> Work task
Give back exactly the lines of the material below that start at the line containing "Готовое изделие. Кухня." and end at the line containing "Touareg eHybrid Panoramic Cockpit Dynaudio", and no others.

______________________________

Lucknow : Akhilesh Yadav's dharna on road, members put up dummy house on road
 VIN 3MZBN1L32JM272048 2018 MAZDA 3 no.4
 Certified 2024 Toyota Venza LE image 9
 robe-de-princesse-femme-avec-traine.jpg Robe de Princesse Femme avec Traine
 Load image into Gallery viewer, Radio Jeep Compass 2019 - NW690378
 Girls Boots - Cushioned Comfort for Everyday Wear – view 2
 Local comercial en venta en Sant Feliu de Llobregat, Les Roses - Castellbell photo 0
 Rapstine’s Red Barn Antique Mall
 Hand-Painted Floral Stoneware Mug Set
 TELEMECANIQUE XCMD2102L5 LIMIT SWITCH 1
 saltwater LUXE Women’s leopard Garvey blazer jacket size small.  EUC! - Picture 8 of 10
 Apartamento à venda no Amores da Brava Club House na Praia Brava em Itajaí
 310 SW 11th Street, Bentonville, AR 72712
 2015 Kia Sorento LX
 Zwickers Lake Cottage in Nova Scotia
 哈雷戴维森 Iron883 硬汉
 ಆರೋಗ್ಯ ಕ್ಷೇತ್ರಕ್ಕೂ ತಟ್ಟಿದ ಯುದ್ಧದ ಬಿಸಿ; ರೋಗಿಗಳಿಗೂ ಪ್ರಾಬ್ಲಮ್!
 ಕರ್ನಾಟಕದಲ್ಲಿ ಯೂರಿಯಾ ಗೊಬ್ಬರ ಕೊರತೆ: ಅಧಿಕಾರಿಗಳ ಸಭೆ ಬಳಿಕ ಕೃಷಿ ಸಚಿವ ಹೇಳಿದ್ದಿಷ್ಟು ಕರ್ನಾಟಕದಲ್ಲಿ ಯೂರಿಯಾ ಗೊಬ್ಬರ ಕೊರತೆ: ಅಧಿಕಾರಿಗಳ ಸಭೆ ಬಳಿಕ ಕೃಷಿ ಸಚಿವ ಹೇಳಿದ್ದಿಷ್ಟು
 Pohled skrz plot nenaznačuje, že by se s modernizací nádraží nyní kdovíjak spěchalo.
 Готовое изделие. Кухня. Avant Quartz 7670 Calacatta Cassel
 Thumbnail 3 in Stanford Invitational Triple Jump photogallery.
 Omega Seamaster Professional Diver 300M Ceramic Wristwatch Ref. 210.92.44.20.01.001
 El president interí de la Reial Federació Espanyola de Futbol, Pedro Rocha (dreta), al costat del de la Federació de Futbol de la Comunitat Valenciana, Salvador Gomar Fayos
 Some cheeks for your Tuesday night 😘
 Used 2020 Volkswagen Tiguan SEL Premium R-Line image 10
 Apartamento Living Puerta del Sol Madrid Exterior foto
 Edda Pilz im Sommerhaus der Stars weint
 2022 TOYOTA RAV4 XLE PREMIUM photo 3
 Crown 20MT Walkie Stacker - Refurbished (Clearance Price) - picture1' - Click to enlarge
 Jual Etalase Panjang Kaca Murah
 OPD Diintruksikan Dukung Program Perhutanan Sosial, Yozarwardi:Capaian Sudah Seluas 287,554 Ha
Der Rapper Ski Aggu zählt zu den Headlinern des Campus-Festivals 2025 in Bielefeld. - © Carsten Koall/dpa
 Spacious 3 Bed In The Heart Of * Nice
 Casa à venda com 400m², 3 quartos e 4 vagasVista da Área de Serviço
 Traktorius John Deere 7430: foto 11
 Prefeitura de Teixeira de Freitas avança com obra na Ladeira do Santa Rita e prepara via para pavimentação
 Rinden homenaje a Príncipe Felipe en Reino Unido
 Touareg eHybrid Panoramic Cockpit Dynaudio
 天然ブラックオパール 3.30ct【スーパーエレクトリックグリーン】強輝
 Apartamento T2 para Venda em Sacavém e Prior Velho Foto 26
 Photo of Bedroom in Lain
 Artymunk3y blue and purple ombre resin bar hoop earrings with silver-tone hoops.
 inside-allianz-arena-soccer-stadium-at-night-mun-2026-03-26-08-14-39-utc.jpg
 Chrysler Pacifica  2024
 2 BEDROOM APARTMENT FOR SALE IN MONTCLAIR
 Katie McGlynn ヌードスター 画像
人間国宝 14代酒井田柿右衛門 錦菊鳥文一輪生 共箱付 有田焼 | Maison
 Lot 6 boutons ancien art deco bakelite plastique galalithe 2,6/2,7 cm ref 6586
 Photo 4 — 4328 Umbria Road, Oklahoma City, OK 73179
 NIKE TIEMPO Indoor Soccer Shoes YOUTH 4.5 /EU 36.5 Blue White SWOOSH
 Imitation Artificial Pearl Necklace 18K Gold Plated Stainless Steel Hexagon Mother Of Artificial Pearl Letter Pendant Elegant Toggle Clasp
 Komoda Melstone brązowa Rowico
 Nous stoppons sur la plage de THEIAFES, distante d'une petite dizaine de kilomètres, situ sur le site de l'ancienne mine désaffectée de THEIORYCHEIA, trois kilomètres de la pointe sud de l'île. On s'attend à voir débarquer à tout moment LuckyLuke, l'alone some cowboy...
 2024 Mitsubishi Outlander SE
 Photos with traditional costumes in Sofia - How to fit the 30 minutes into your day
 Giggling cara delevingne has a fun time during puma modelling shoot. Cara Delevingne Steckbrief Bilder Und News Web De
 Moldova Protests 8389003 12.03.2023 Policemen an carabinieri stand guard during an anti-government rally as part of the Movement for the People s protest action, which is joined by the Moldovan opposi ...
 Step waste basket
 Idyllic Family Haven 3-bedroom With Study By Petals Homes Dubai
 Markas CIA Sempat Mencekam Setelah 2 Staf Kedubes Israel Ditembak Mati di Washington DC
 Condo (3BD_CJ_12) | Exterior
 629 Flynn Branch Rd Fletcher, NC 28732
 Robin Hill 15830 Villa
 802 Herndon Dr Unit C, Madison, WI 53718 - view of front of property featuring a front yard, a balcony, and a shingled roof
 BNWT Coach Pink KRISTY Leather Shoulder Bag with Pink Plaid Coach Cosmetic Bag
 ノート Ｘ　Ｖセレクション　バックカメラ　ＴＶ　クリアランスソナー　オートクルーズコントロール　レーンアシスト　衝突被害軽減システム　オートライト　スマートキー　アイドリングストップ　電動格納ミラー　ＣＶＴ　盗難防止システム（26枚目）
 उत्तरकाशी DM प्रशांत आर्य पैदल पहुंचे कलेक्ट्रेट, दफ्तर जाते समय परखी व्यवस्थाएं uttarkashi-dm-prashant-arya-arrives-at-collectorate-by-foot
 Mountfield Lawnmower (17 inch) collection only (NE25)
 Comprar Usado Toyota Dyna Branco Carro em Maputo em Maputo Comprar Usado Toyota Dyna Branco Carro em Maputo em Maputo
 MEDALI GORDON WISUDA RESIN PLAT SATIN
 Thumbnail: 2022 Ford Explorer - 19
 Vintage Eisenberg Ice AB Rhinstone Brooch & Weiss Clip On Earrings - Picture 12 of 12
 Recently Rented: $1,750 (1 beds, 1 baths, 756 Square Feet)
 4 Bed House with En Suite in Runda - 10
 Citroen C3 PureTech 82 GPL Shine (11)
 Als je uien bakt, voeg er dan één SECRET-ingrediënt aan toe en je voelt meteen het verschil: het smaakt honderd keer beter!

______________________________

> Answer section
 Готовое изделие. Кухня. Avant Quartz 7670 Calacatta Cassel
 Thumbnail 3 in Stanford Invitational Triple Jump photogallery.
 Omega Seamaster Professional Diver 300M Ceramic Wristwatch Ref. 210.92.44.20.01.001
 El president interí de la Reial Federació Espanyola de Futbol, Pedro Rocha (dreta), al costat del de la Federació de Futbol de la Comunitat Valenciana, Salvador Gomar Fayos
 Some cheeks for your Tuesday night 😘
 Used 2020 Volkswagen Tiguan SEL Premium R-Line image 10
 Apartamento Living Puerta del Sol Madrid Exterior foto
 Edda Pilz im Sommerhaus der Stars weint
 2022 TOYOTA RAV4 XLE PREMIUM photo 3
 Crown 20MT Walkie Stacker - Refurbished (Clearance Price) - picture1' - Click to enlarge
 Jual Etalase Panjang Kaca Murah
 OPD Diintruksikan Dukung Program Perhutanan Sosial, Yozarwardi:Capaian Sudah Seluas 287,554 Ha
Der Rapper Ski Aggu zählt zu den Headlinern des Campus-Festivals 2025 in Bielefeld. - © Carsten Koall/dpa
 Spacious 3 Bed In The Heart Of * Nice
 Casa à venda com 400m², 3 quartos e 4 vagasVista da Área de Serviço
 Traktorius John Deere 7430: foto 11
 Prefeitura de Teixeira de Freitas avança com obra na Ladeira do Santa Rita e prepara via para pavimentação
 Rinden homenaje a Príncipe Felipe en Reino Unido
 Touareg eHybrid Panoramic Cockpit Dynaudio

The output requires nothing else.